雑録

祝福のカンパネラ アニエスルートの感想・レビュー

祝福のカンパネラのアニエスルートは、普段は強くあろうと自分を見せている女の子が自分の弱さを仲間に晒す強さを得るおはなし。好いた男のために自分に好意を寄せてくれていた恋のライバルとの関係に落とし前をつける。世界観のスケールが大きくてやたらとキャラ総出演させて大団円してたシナリオです。

アニエスのキャラクター表現とフラグ生成過程


アニエスは元気っこで明るく楽しいしっかりもの。しかしそれは全てがアニエスの頑張りと努力で演じているだけで、ホントはすっごく寂しがり屋さん。気丈に振舞えどそこは女の子で涙が出ちゃうこともあるの。一生懸命メンバーを明るくしようと務める女の子の意外な一面性を知り、主人公くんはきゅんきゅんしちゃってアニエスのフォローを影に陽向にするようになる。そんな二人の分かってる感は次第に恋心へと昇華していく。アニエスは自分の弱さを主人公くんには晒し甘えることが出来るかもと思っちゃう。しかしながら、主人公くんには、想いを寄せてくる幼馴染の皇女さまがいたの。主人公くんを好きになるにはきちんとその関係をはっきりさせなくてはならない。第2章はこの関係性が主なテーマとなり、主人公くんもアニエスも皇女様のカリーナも自分の思いを優先させるのではなく、仲間の絆を保つため、信仰告白贖罪大会が開かれる。

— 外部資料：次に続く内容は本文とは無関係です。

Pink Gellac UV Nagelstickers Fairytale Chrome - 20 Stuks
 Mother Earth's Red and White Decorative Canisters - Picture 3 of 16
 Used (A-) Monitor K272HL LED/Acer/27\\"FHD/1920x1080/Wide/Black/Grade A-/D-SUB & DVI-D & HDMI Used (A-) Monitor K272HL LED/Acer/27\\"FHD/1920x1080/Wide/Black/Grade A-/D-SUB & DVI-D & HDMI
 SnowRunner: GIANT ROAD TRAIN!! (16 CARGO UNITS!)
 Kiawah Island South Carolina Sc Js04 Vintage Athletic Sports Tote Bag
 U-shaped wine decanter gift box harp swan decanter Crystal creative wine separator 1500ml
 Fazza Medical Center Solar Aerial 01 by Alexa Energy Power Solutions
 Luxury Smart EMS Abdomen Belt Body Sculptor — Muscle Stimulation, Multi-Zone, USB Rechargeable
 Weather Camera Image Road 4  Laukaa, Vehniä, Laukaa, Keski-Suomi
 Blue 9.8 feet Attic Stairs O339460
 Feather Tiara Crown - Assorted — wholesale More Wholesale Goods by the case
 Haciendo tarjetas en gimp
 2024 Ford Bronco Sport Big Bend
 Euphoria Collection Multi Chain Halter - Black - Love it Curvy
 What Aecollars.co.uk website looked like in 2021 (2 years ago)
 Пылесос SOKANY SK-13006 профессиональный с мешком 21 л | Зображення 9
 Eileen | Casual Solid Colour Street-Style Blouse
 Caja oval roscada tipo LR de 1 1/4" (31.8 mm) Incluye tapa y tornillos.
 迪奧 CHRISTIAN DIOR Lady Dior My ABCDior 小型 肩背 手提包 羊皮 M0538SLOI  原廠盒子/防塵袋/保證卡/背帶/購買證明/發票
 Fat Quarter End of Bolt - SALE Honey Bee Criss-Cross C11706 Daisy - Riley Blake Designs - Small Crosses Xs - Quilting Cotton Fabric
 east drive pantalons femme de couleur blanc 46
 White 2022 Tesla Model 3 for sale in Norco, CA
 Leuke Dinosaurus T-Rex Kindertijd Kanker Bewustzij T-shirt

それぞれの気持ちを打ち明け、チームの関係を壊すことなくフラグ構築した主人公くんとアニエス。そんな二人にのしかかってくるのが、世界の命運をかけた戦い。簡単に抽象化すると「(1)この作品の世界文明を維持している装置なるものがあって、それが崩壊寸前なのだが、(2)アニエスのママンが文明崩壊を阻止する手段として装置を暴走させており、(3)その装置の暴走を防ぐため主人公くんとアニエスで修理する」という展開。この暴走を止めるためには、主人公くんとアニエスだけの力だけではけっして出来ず、脇役・敵キャラ・サブヒロイン・メインヒロインとそれぞれが役割分業でそれぞれに見せ場らしきものを作ろう演出しようというライターさんの意図が如実に感じられますね。終局も安易なご都合主義ではなく、装置を調整する役目としてアニエスが、新たな装置を作り出す役目として主人公くんがそれぞれ別の道を歩くという終わりかた。まぁ、結局は装置の問題を解決するために世界を二人で一緒に旅するというオチになるのだが。